The key insight here is the Population Stability Index (PSI) check. It catches distribution drift between your current training data and a known baseline. A PSI above 0.1 for a critical feature means something changed upstream, and training on that data without investigation is reckless.

Stage 2: Training with DVC and Reproducibility

You cannot version multi-gigabyte datasets in git. This is where DVC (Data Version Control) comes in. It tracks data and model files alongside your code without bloating your repository.

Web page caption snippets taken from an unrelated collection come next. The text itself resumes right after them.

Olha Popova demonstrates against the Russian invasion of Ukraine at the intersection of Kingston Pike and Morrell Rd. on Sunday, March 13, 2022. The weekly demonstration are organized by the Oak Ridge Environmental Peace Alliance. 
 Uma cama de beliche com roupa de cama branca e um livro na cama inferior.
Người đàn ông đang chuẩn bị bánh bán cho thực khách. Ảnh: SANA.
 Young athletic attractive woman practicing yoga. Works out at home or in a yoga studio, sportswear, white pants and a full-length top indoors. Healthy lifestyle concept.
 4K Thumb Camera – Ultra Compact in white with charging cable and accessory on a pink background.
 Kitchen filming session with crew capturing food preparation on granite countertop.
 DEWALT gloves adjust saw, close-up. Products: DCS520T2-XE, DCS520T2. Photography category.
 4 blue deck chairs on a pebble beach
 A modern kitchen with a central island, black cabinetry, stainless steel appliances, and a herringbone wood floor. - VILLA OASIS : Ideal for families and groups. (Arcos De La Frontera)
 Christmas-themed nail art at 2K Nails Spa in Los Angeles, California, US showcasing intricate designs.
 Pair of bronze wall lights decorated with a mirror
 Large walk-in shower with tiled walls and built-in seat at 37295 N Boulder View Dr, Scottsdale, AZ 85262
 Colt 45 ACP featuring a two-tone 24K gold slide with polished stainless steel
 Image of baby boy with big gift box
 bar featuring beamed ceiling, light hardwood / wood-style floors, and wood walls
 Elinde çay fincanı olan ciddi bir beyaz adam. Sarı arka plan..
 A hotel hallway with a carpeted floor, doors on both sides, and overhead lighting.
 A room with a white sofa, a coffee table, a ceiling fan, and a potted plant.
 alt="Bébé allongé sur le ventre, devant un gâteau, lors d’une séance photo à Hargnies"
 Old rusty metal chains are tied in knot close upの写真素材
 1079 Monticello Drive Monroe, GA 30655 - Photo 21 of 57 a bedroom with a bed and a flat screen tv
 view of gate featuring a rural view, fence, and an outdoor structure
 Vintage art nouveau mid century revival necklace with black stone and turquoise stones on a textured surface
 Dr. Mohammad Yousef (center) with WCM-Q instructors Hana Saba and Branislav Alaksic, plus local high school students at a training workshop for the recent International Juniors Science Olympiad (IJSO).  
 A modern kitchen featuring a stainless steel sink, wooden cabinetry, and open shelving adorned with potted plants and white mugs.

Here is the DVC pipeline definition I use as a starting point for most projects:

# dvc.yaml — DVC pipeline stages
stages:
  prepare:
    cmd: python src/prepare.py --config configs/data_config.yaml
    deps:
      - src/prepare.py
      - configs/data_config.yaml
      - data/raw/
    params:
      - configs/data_config.yaml:
          - split_ratio
          - random_seed
    outs:
      - data/processed/train.parquet
      - data/processed/val.parquet
      - data/processed/test.parquet

  validate_data:
    cmd: python src/data_validation.py data/processed/train.parquet
    deps:
      - src/data_validation.py
      - data/processed/train.parquet
      - configs/data_schema.json
      - configs/baseline_stats.json

  train:
    cmd: python src/train.py --config configs/model_config.yaml
    deps:
      - src/train.py
      - configs/model_config.yaml
      - data/processed/train.parquet
      - data/processed/val.parquet
    params:
      - configs/model_config.yaml:
          - learning_rate
          - batch_size
          - epochs
          - model_type
    outs:
      - models/latest/model.pt
    metrics:
      - models/latest/metrics.json:
          cache: false

  evaluate:
    cmd: python src/evaluate.py --model models/latest/model.pt --data data/processed/test.parquet
    deps:
      - src/evaluate.py
      - models/latest/model.pt
      - data/processed/test.parquet
    metrics:
      - reports/evaluation.json:
          cache: false
    plots:
      - reports/confusion_matrix.csv:
          x: predicted
          y: actual

DVC pipelines give you dependency tracking for free. If only the model config changes, DVC skips the data preparation stage. If only the data changes, it reruns everything downstream. This is critical for CI efficiency when training takes hours.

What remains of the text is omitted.